May 07, 2013|By Katherine Skiba, Tribune reporter
  • Jesse Jackson Jr. arrives at District Court in Washington to face federal charges.
Jesse Jackson Jr. arrives at District Court in Washington to face federal… (Brian Cassella / Chicago…)

WASHINGTON — Asking for mercy for former Rep. Jesse Jackson Jr., the chairwoman of the Congressional Black Caucus wrote to a federal judge last month calling Jackson intelligent, charming and entertaining — the “highlight of our karaoke nights.”

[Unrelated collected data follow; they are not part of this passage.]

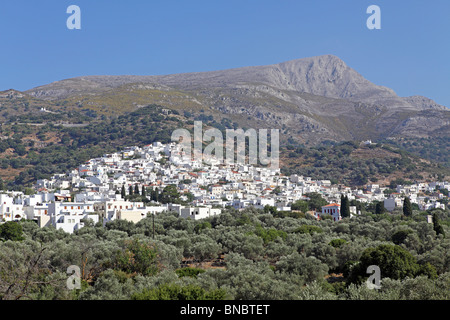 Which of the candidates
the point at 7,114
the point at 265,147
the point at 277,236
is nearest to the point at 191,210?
the point at 277,236

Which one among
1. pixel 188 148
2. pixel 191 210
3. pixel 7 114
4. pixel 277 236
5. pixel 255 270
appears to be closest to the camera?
pixel 255 270

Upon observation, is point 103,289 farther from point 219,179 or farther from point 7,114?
point 7,114

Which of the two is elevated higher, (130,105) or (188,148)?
(130,105)

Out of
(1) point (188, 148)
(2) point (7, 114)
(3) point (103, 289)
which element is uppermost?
(2) point (7, 114)

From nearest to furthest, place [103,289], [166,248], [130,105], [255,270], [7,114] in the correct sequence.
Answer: [103,289] < [255,270] < [166,248] < [7,114] < [130,105]

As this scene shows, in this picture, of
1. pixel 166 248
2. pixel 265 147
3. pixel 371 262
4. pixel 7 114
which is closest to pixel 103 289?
pixel 166 248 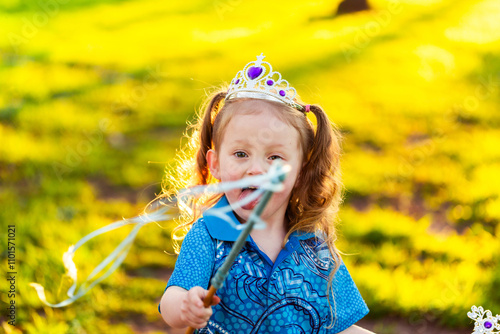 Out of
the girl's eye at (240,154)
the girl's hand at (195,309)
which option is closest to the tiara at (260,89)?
the girl's eye at (240,154)

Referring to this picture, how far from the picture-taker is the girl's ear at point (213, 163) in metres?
2.19

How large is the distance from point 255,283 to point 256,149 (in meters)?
0.43

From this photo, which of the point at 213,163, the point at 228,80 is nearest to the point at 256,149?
the point at 213,163

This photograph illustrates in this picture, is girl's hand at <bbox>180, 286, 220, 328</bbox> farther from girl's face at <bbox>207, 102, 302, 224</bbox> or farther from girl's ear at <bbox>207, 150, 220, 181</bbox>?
girl's ear at <bbox>207, 150, 220, 181</bbox>

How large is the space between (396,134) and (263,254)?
130 inches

The correspondence from Rep. Marcia L. Fudge (D-Ohio) was among 14 letters made public Tuesday as Jackson and his wife, former Chicago Alderman Sandi Jackson, await sentencing July 1.

Eight of the writers were sympathetic to Jackson, his wife or both. Six were not. Citizens everywhere, especially in Illinois, “are sick and tired of behavior like Rep. Jackson’s,” wrote a person who identified himself as a dentist from Wheaton.

Jesse Jackson Jr., a South Side Democrat, pleaded guilty to misusing more than $750,000 in campaign cash on a Rolex watch, celebrity memorabilia, vacations and other items. His wife pleaded guilty in a related felony case for failing to report on tax returns about $600,000 in income.

Both resigned from office before their guilty pleas. Their cases are in the U.S. District Court for the District of Columbia.

Fudge, the Ohio lawmaker, noted the health problems of Jackson, who has been treated for bipolar disorder.

Even as some members of Congress saw “various signs of illness” in Jackson during the last four to five years, he continued to “work as a tireless advocate of the poor and underserved,” Fudge said.

“When things got tough or extremely difficult on the House floor, we could count on Jesse to bring levity to an otherwise daunting situation with a bad joke or a one-man skit,” she wrote. “Jesse was the highlight of our karaoke nights and always made everyone feel like an integral part of, and not apart from, various activities.”

A spokeswoman for Fudge, Ayofemi Kirby, confirmed that Fudge wrote the letter and said the lawmaker had no further comment.

Two women who identified themselves as Sandi Jackson’s cousins appealed for mercy for her. One said Sandi Jackson should be placed on probation because she “has a heart of gold” and jail time would affect the mental state and development of the couple’s two young children.

Many of the letters were addressed to Judge Robert Wilkins, who took pleas from the Jacksons but is no longer assigned to the case. The new judge on the case is U.S. District Judge Amy Berman Jackson.